Pablo nació en Colungo un 27 de mayo de 1929 en el seno de una familia de humildes comerciantes con muy poca tierra de cultivo. El menor de tres hermanos, ya en su más temprana adolescencia le tocó ayudar a sus padres en las tareas propias de atención al público en la pequeña tienda y café habilitados en el interior de su casa, conocida como casa Billosta.
A la edad de 15 años sus padres decidieron mandarlo a Barcelona como aprendiz de comercio para que se iniciara en la profesión que luego ejerció durante toda su vida. Durante cinco años permaneció en la ciudad condal hasta que el llamamiento a filas le obligó a retornar a su pueblo y cumplir con sus obligaciones militares. Finalizadas éstas y de común acuerdo con su hermano José María comienza a desarrollar una actividad comercial que va más allá de la tienda y el café abiertos por sus padres. Corren los primeros años cincuenta y deciden comprar un coche y posteriormente un pequeño camión, con las limitaciones propias de aquella dura época que se traducían en escasez y vejez del parque móvil que, además, estaba sujeto a cupo de importación, lista de espera en la adquisición de vehículos. A mediados de los años cincuenta reforman el café y habilitan un pequeño salón de baile. En la primera semana de diciembre de 1959 adquieren un aparato de televisión que suscitó una pequeña revolución en el pueblo y alrededores. Durante un tiempo fue el único de la redolada.
Con la llegada de los años sesenta la emigración empezó a hacer estragos en los pequeños pueblos. Colungo no fue la excepción. Ante esta situación Pablo decidió trasladarse a Barbastro y montar una tienda que preferentemente vendiera fruta, pero también otros artículos asociados a lo que entonces se conocía como Ultramarinos. Fue pues una frutería y venta de ultramarinos.
Había nacido La Frutería del Vero, en su actual emplazamiento.

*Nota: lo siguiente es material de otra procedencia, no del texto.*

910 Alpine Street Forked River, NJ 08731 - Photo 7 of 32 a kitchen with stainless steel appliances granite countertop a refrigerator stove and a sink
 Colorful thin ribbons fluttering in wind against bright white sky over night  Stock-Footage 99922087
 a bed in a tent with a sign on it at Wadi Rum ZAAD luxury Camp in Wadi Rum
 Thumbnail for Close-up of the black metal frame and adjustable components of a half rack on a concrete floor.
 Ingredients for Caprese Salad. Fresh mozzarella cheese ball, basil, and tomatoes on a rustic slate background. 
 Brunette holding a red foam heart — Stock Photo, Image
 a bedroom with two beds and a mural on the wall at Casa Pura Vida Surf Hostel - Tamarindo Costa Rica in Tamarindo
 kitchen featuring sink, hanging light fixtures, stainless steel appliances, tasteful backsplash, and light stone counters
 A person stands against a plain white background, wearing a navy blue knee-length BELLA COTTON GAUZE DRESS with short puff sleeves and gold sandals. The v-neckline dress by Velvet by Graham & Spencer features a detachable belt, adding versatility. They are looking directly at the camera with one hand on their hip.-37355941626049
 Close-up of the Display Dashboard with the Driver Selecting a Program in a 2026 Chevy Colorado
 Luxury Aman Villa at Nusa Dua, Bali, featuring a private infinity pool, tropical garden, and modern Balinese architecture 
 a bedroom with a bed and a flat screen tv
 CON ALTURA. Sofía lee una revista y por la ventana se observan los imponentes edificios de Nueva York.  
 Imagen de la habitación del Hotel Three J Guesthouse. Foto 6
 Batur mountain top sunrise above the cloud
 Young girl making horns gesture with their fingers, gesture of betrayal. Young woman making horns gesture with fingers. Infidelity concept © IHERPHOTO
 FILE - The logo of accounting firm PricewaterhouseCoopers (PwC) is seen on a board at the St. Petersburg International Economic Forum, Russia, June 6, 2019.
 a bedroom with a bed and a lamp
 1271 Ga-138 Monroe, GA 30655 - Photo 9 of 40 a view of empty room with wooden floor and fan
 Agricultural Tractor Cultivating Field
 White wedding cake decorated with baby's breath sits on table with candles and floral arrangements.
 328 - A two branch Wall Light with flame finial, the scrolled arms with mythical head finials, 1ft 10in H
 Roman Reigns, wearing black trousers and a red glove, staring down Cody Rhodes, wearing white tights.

Pablo formó una familia y se dedicó por entero a su vocación: ejercer de comerciante, ser un tendero. Durante más de cincuenta años su figura embutida en su bata azul, su eterna y tersa corbata, su particular don de gentes, su amable espontaneidad, timbró la calle Romero de alegría, esfuerzo, tenacidad, montañas de horas de trabajo. Fiel a la tradición que vivió desde infante mercadeó con artículos que iban desde las sardinas de cubo, los famosos guardia civiles, hoy ya unos rara avis que, por cierto, se pueden adquirir todavía en la frutería, hasta las famosas y largas carrazas de perdices, tordas y trucazos ( palomas torcaces ) colgadas ostentosamente en ganchos junto al escaparate, por fuera, mantenidas allí hasta que una urbanita y desarraigada normativa autonómica, ajena a nuestras tradiciones, le obligó a descolgarlas.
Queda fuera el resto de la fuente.